Exercise description - Look below for the line that contains "чем интересен российский", then quote it and all the lines after it, exactly, with the pictures left out.

Items from a data source:
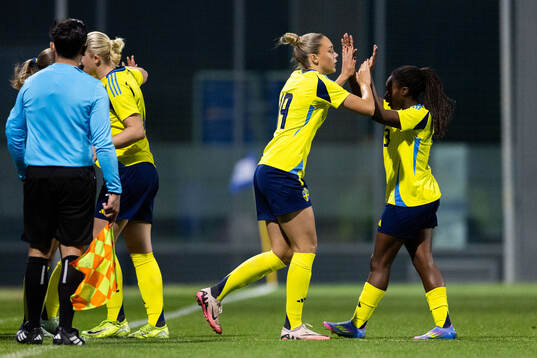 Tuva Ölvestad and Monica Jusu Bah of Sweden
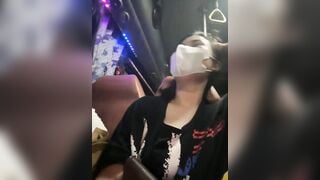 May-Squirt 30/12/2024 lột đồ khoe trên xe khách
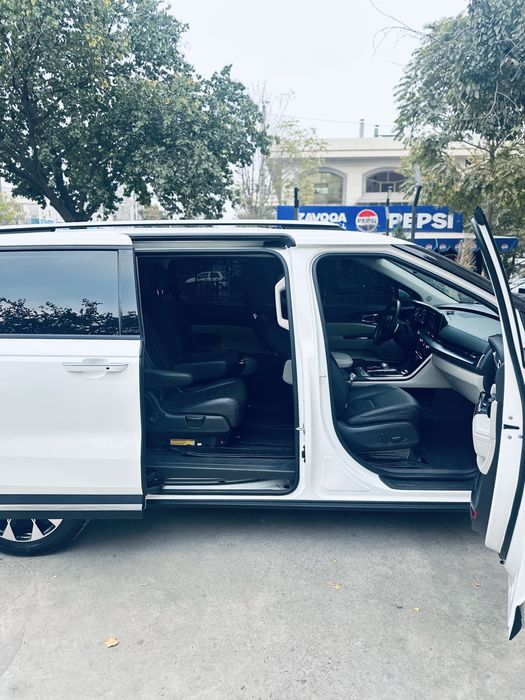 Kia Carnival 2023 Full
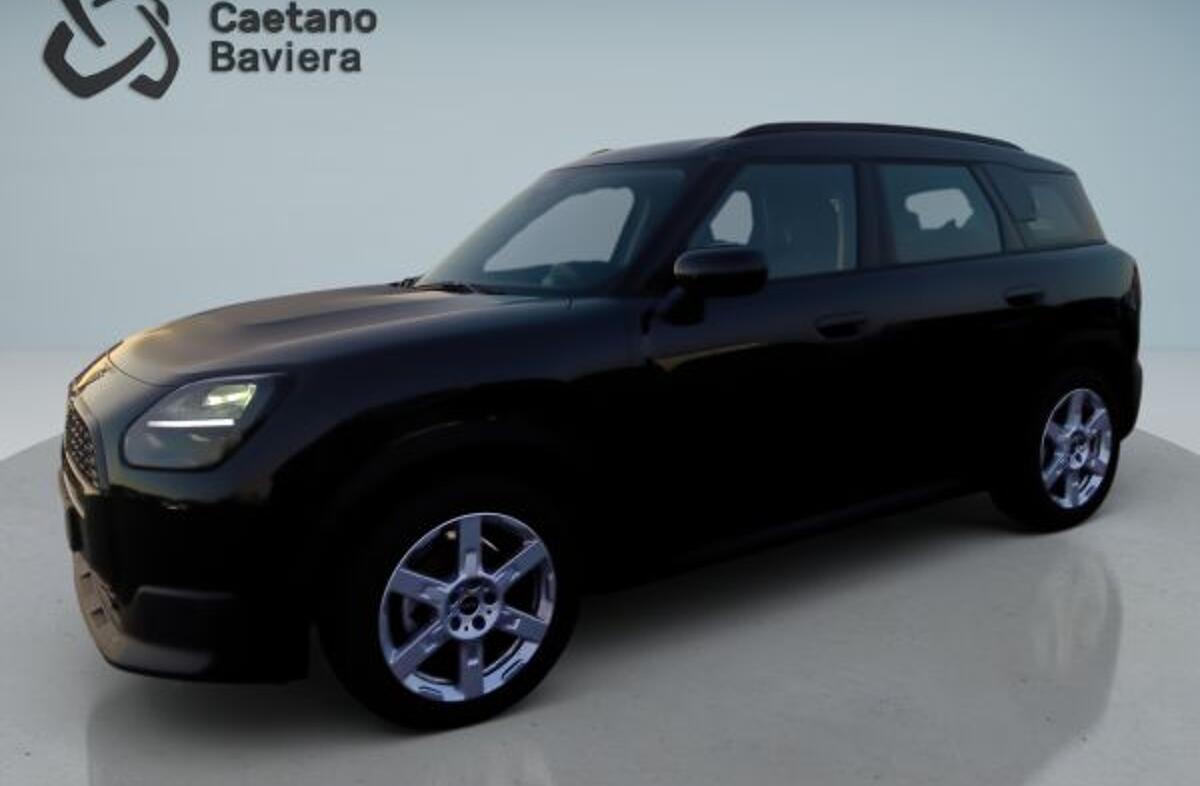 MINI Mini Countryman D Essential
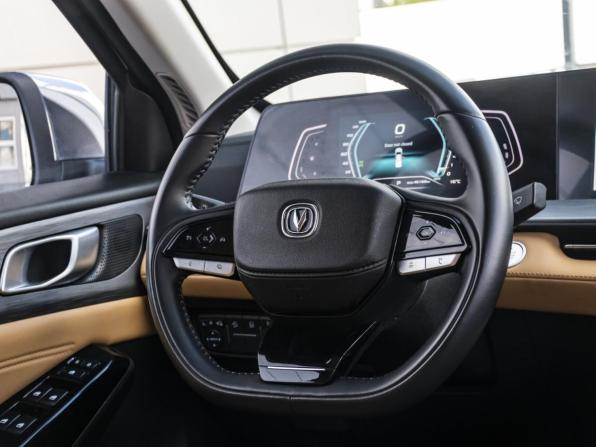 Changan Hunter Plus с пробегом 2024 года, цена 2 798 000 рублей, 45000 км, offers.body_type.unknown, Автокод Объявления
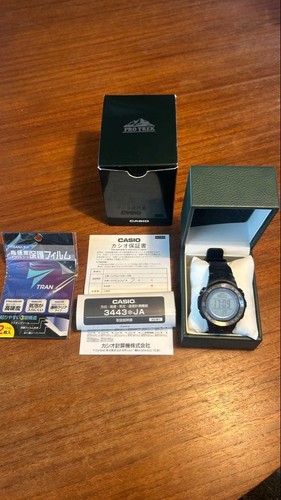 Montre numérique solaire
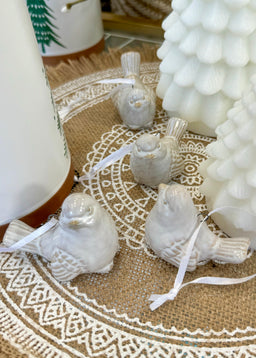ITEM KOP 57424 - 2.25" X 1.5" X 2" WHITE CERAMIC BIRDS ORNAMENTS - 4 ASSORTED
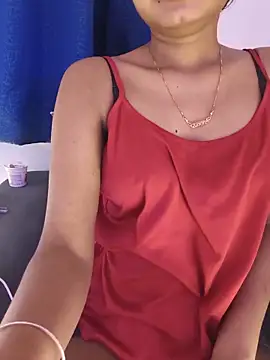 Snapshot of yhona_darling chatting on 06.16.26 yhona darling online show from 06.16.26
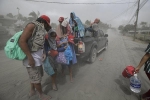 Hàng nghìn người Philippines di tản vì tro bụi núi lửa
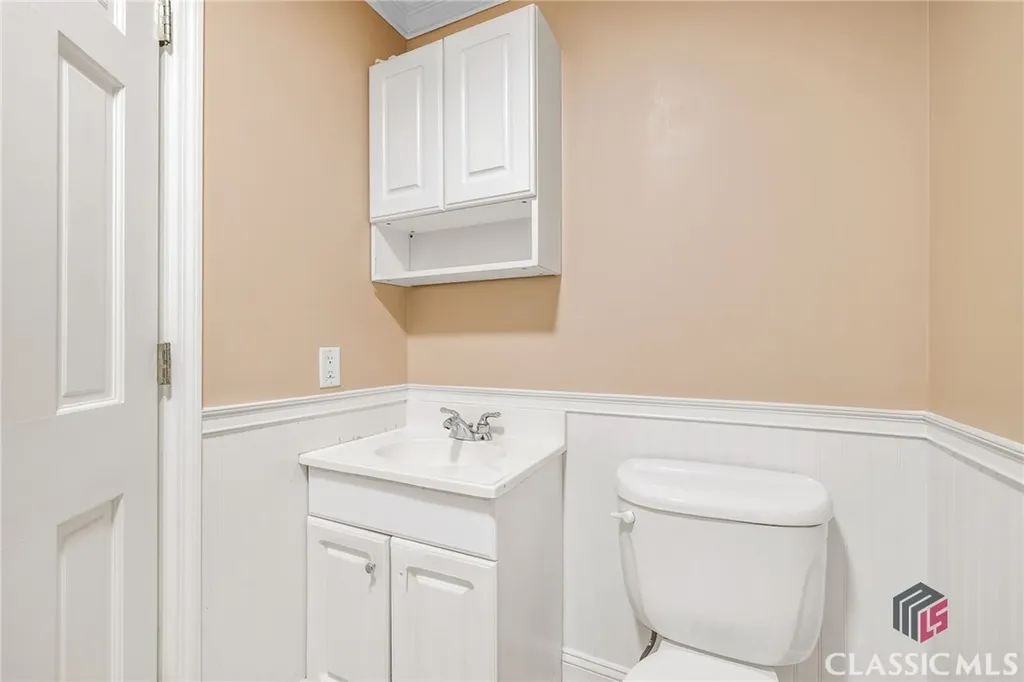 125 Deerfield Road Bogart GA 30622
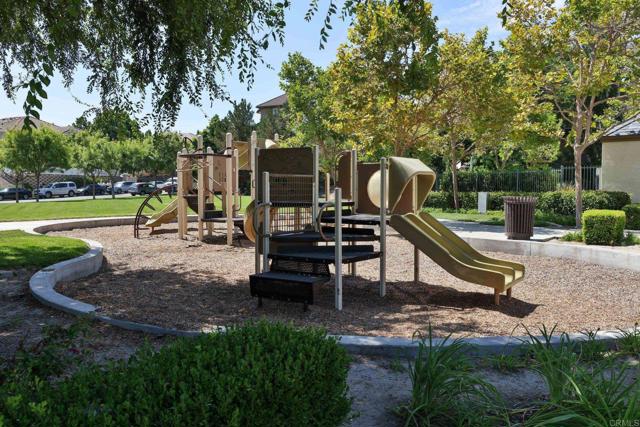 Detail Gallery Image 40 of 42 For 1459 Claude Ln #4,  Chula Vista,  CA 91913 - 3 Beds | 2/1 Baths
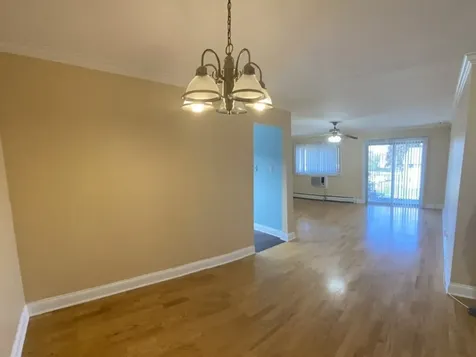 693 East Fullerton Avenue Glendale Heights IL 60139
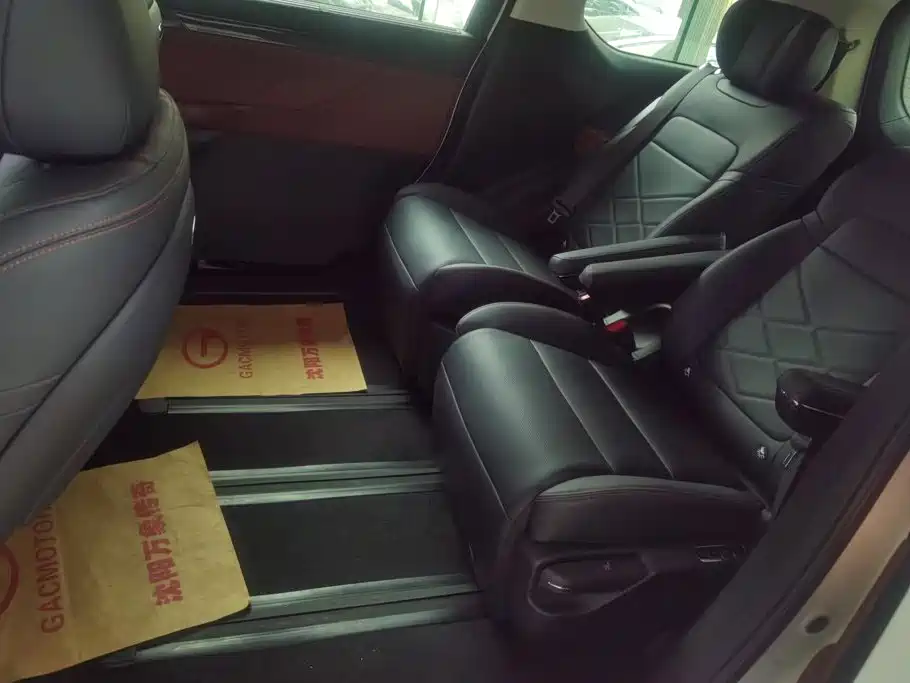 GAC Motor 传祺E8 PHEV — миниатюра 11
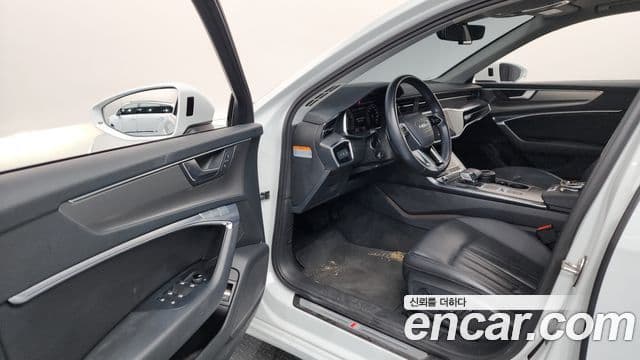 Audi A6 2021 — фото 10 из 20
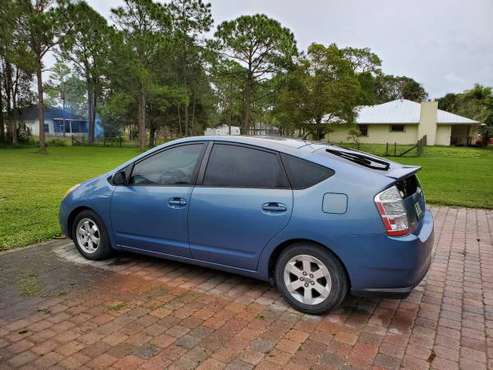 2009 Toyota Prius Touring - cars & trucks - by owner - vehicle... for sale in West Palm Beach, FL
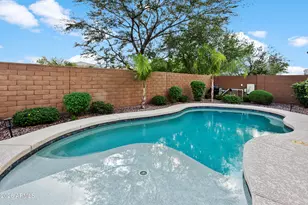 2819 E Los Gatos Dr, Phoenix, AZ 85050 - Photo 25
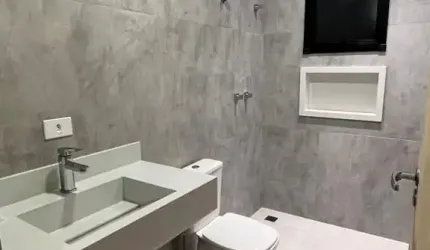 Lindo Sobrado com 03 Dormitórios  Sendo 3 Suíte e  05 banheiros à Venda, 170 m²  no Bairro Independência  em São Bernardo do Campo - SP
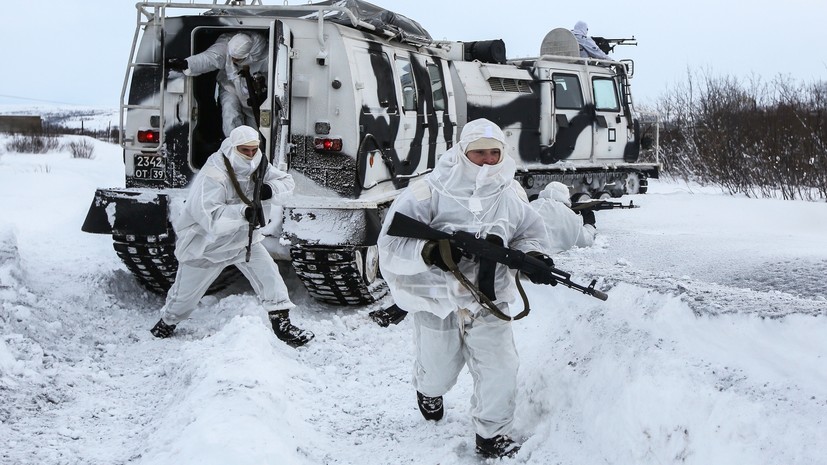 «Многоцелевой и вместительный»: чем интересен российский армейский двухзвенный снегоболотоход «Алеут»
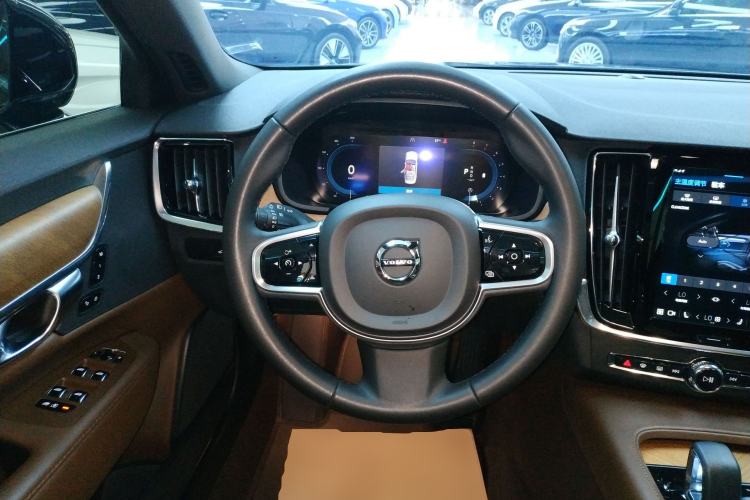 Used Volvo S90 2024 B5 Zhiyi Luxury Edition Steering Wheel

Finished task -
 «Многоцелевой и вместительный»: чем интересен российский армейский двухзвенный снегоболотоход «Алеут»
 Used Volvo S90 2024 B5 Zhiyi Luxury Edition Steering Wheel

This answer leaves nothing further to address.